More than 20 volunteers have turned out for the annual fish count. The water is so clear that Heim can easily spot redds, the shallow depressions of clean gravel scoured by female salmon into which they deposit eggs.
“The main issues facing the Tsolum today are low water flows in the summer and restoring riparian areas,” Heim says, adding that sedimentation from past logging continues to have downstream impacts on fish habitat.
In many ways, today’s Tsolum is a picture of a healthy river.
But the story of the river’s health is still evolving.
For White, Mount Washington is like a rocky relationship that you can’t get out of, no matter how hard you try.
Since the 2009 pit capping, runoff has begun to erode channels in a steep section of the covered mine site — the only part of the site not revegetated or covered with woody debris.
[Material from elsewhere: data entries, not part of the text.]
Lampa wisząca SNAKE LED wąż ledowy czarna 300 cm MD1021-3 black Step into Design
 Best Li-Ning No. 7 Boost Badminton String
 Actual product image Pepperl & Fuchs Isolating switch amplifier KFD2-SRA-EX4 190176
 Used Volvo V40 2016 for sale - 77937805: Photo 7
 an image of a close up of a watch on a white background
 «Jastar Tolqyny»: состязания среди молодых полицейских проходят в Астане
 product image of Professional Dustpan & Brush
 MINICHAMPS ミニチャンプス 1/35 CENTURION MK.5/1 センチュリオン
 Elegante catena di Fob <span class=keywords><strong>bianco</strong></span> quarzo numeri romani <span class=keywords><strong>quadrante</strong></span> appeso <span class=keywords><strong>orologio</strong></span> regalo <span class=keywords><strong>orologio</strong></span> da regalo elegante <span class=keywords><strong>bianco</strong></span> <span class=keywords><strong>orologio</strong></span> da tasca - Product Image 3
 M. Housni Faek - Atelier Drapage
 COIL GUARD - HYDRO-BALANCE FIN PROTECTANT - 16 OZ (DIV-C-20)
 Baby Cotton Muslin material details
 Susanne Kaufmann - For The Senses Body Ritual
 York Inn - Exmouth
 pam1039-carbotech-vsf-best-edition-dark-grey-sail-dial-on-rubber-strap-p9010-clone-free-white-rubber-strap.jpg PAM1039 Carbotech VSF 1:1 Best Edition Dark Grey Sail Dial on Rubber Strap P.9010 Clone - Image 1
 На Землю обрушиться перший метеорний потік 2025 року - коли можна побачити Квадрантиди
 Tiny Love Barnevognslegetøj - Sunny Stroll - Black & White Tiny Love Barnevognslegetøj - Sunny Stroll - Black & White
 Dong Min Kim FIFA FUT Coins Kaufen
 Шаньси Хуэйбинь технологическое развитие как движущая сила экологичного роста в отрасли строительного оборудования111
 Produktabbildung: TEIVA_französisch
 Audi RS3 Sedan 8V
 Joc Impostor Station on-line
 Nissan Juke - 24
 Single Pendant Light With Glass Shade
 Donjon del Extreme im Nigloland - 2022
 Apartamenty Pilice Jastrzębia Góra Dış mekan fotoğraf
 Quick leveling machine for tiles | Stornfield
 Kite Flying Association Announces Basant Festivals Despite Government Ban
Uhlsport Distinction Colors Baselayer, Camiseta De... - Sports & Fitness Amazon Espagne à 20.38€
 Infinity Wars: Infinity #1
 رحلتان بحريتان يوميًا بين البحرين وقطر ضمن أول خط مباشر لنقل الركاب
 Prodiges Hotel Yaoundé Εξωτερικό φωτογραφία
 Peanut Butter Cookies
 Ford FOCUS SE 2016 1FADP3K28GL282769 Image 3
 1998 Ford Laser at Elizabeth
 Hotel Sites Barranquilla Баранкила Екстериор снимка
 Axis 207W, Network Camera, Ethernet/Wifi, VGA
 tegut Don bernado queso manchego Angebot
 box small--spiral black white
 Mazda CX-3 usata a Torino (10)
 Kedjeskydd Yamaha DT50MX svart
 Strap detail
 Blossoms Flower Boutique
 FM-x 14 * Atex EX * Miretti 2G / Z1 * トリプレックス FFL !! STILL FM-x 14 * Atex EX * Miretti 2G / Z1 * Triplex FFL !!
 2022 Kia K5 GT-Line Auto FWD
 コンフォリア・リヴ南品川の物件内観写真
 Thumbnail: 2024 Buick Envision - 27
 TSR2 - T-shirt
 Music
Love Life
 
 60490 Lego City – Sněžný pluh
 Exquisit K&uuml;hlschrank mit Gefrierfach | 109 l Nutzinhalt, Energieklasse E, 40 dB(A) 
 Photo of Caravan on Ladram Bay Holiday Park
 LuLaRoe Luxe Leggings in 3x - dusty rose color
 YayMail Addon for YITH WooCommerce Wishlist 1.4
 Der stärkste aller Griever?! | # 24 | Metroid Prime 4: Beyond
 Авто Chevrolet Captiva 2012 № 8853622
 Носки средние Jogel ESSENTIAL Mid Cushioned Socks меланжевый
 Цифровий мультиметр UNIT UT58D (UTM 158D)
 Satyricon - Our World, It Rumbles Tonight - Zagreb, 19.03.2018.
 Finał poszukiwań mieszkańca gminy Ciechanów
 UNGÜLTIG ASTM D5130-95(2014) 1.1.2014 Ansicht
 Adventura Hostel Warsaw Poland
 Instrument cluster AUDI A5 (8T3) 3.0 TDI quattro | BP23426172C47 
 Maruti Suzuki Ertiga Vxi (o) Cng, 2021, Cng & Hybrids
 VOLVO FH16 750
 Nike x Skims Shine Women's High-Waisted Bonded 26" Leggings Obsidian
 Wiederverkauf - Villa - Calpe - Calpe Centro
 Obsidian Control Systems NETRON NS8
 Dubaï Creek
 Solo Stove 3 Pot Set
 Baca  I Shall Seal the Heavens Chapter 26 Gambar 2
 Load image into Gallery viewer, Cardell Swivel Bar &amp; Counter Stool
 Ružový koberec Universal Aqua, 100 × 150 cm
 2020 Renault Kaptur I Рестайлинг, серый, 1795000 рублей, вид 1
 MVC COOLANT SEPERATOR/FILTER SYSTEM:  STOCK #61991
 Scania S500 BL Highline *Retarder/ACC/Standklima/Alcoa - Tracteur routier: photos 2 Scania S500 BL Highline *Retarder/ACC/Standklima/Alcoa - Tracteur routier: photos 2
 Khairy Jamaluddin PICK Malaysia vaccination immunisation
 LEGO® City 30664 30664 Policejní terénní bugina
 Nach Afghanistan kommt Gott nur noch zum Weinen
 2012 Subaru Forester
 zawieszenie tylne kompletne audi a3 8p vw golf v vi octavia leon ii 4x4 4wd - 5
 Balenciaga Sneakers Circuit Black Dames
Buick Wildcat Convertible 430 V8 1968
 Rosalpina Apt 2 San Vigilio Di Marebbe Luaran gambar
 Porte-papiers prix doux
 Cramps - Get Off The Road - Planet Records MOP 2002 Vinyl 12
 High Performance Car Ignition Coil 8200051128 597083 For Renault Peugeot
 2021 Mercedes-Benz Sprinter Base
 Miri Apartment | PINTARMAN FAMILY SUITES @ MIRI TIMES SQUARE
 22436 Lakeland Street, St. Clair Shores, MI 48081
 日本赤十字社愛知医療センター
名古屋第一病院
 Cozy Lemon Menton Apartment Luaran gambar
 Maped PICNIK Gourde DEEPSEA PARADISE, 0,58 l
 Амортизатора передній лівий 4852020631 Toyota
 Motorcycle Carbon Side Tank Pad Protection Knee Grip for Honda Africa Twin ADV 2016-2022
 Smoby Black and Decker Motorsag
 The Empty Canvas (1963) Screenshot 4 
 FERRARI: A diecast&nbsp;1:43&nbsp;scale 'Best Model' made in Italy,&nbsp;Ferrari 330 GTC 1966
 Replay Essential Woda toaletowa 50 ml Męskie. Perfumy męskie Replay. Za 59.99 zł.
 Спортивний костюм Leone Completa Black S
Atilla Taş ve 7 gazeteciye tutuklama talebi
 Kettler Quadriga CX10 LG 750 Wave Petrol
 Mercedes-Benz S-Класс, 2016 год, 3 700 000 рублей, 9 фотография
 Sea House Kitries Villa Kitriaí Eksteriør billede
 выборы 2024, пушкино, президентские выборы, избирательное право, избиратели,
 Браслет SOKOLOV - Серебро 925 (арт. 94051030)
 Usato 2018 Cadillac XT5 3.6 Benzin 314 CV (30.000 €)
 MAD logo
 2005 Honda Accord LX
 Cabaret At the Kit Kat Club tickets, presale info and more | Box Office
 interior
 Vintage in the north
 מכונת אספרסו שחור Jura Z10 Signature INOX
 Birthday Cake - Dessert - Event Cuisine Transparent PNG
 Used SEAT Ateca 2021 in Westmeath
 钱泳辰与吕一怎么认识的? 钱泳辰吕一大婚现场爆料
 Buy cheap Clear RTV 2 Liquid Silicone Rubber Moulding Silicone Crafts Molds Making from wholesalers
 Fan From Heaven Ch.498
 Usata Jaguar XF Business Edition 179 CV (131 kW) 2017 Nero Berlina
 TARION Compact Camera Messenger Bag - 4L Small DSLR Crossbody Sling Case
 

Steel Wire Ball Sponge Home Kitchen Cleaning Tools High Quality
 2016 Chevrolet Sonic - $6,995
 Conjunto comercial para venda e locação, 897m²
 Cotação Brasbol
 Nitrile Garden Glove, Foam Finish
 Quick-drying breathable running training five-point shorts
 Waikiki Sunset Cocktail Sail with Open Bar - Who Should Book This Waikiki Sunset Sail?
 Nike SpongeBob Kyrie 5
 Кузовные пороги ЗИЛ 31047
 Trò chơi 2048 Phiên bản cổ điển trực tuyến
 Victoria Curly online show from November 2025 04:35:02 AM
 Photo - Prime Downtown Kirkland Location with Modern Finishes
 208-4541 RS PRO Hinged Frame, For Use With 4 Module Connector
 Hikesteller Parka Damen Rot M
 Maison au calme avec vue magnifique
The fear is that the membrane will be uncovered and exposed to damaging UV radiation.
“It’s something we’re concerned about,” White admits.
The Tsolum River Restoration Society plans to continue to put pressure on the government to make sure the mine is properly cleaned up.
Public pressure may be the most important piece of any mine reclamation effort, according to William Price, an environmental scientist with Natural Resource Canada’s mine effluent section.
Speaking at an October seminar in Smithers, hosted by the Bulkley Valley Research Centre, Price noted that a robust regime of maintenance and monitoring is critical to prevent the unraveling of years of volunteer effort and expensive remediation.
According to Price, it’s not whether or not society will need the products of sulphide mining, which go into electric vehicle batteries, flat screen TVs, wiring homes and countless other every day utilitarian needs. Rather, it’s whether or not we’ll manage mines responsibly.
Update December 17, 2019 at 3:45 p.m. PST. Two photo captions were updated to clarify the role of water drainage on the mine site. The first concerns the under pipe which drains water captured under the geomembrane. The second caption clarifies the image of Pyrrhotite Creek draining into the natural wetland. The costs of clean up at the Faro and Britannia mines were clarified to reflect the fact these amounts are estimates and not costs already paid by taxpayers.